**TASK GOAL**
Please reproduce the listing word for word. Pictures stay out.

====== PROVIDED DATA

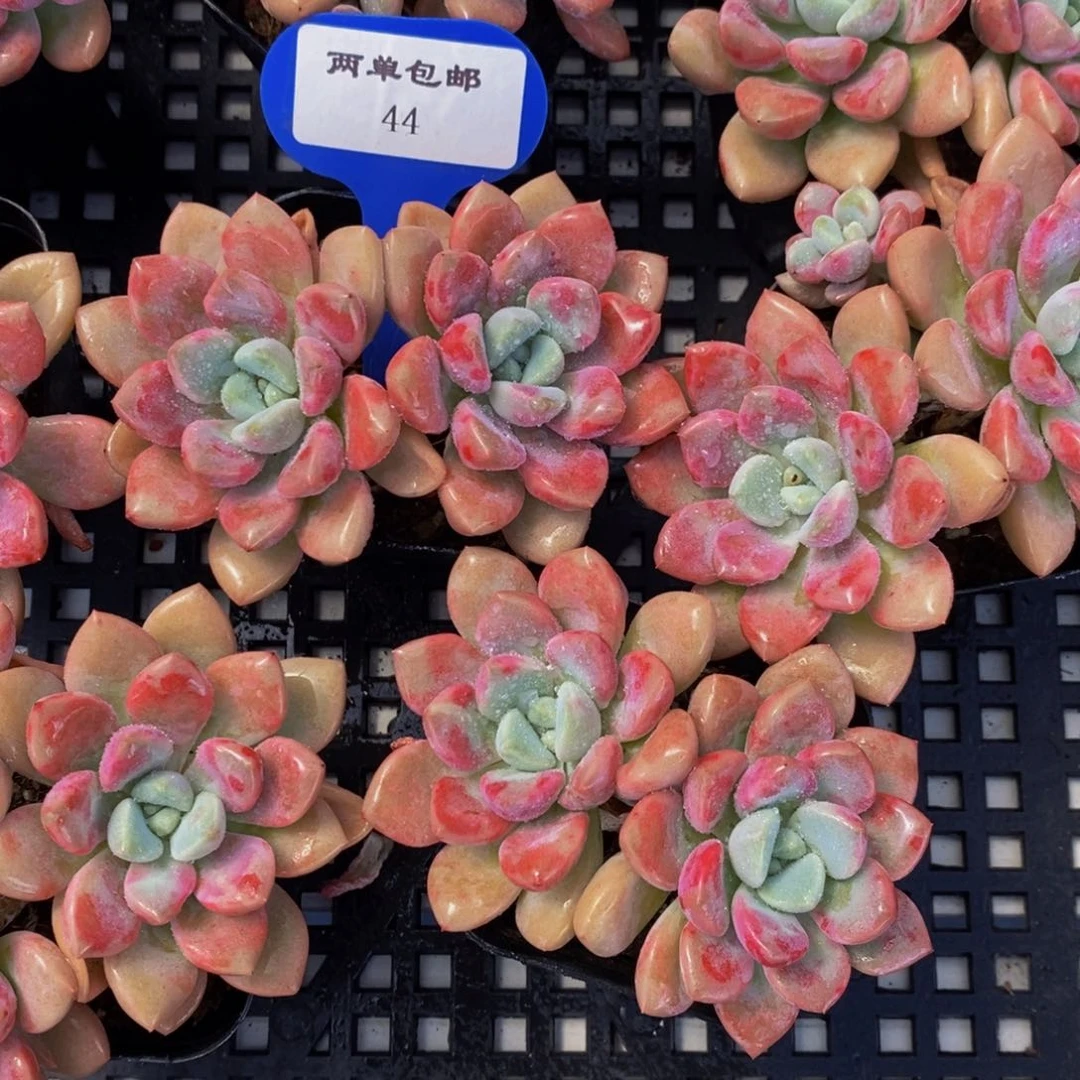 44-M精品血斑花斑鹭双头一个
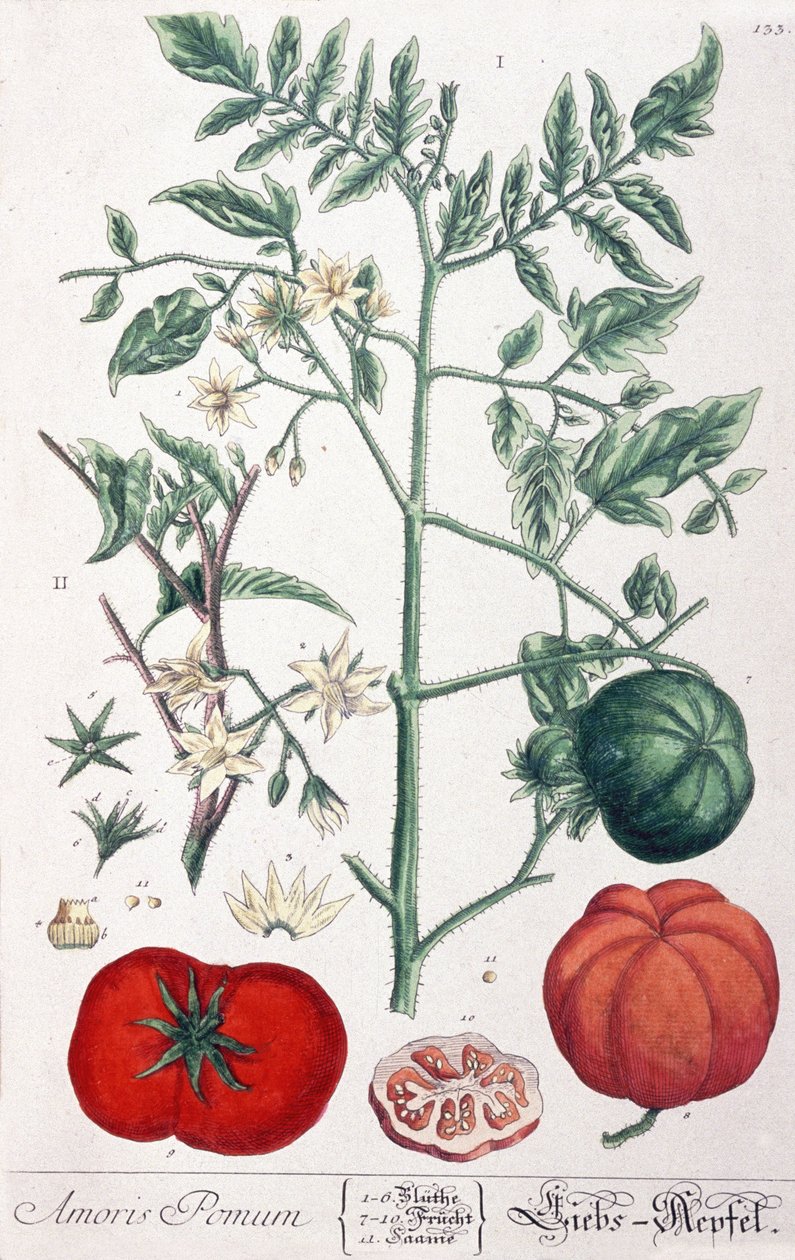 O tomate de maçã (tomate) dourado de Elizabeth Blackwell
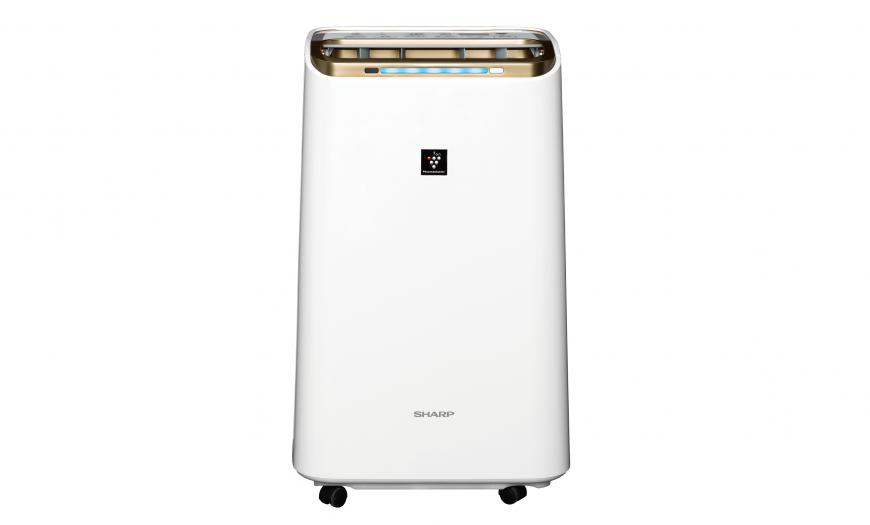 SHARP 夏普12公升 自動除菌離子2合1空氣清淨除濕機 DW-LT12FT-W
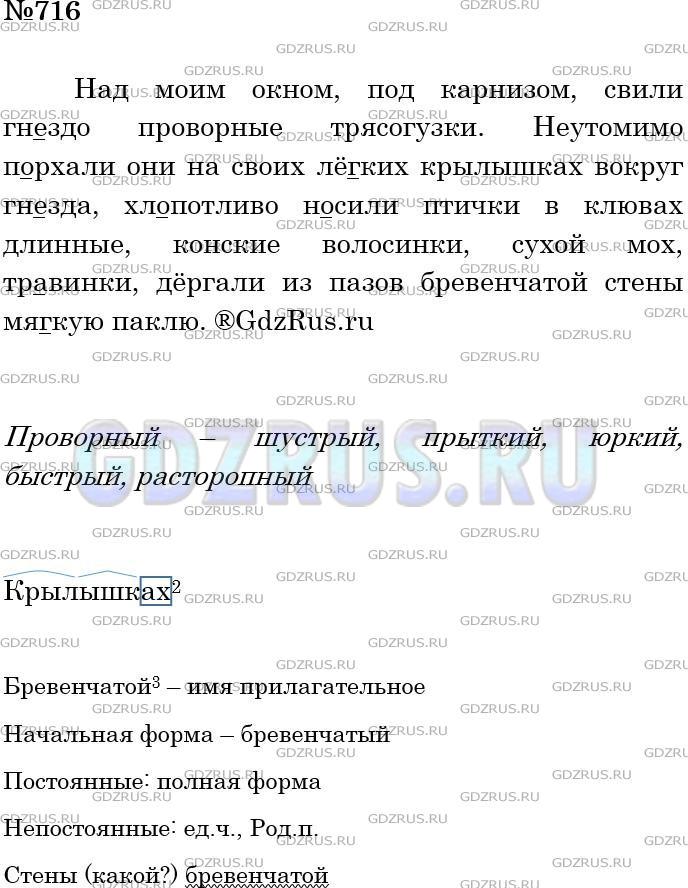 Фото решения 4: ГДЗ по Русскому языку 5 класса: Ладыженская Упр. 716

============

**OUTPUT**
 44-M精品血斑花斑鹭双头一个
 O tomate de maçã (tomate) dourado de Elizabeth Blackwell
 SHARP 夏普12公升 自動除菌離子2合1空氣清淨除濕機 DW-LT12FT-W
 Фото решения 4: ГДЗ по Русскому языку 5 класса: Ладыженская Упр. 716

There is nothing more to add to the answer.